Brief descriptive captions
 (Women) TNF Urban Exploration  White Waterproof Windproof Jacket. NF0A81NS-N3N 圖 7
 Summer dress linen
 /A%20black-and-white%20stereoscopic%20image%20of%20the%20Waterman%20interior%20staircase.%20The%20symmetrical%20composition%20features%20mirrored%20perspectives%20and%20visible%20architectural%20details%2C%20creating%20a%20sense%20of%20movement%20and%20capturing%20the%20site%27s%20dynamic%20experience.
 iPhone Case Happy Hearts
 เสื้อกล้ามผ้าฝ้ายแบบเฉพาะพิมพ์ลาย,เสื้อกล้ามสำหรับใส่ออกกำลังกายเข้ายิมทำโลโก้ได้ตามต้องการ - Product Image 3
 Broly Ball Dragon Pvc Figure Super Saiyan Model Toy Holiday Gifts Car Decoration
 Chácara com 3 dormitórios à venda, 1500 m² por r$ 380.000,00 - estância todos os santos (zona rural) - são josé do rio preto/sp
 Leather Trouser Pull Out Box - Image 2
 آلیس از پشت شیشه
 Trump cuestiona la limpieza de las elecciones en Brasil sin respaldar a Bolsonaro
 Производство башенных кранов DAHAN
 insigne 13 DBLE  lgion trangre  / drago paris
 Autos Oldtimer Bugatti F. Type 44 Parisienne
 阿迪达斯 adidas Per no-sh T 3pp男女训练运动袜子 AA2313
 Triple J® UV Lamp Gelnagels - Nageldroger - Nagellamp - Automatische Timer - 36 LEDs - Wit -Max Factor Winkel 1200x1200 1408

# Problem statement:
The line containing "Broly Ball Dragon" and all lines after it, to the end of the records, are to be output exactly and alone.

# Task response:
 Broly Ball Dragon Pvc Figure Super Saiyan Model Toy Holiday Gifts Car Decoration
 Chácara com 3 dormitórios à venda, 1500 m² por r$ 380.000,00 - estância todos os santos (zona rural) - são josé do rio preto/sp
 Leather Trouser Pull Out Box - Image 2
 آلیس از پشت شیشه
 Trump cuestiona la limpieza de las elecciones en Brasil sin respaldar a Bolsonaro
 Производство башенных кранов DAHAN
 insigne 13 DBLE  lgion trangre  / drago paris
 Autos Oldtimer Bugatti F. Type 44 Parisienne
 阿迪达斯 adidas Per no-sh T 3pp男女训练运动袜子 AA2313
 Triple J® UV Lamp Gelnagels - Nageldroger - Nagellamp - Automatische Timer - 36 LEDs - Wit -Max Factor Winkel 1200x1200 1408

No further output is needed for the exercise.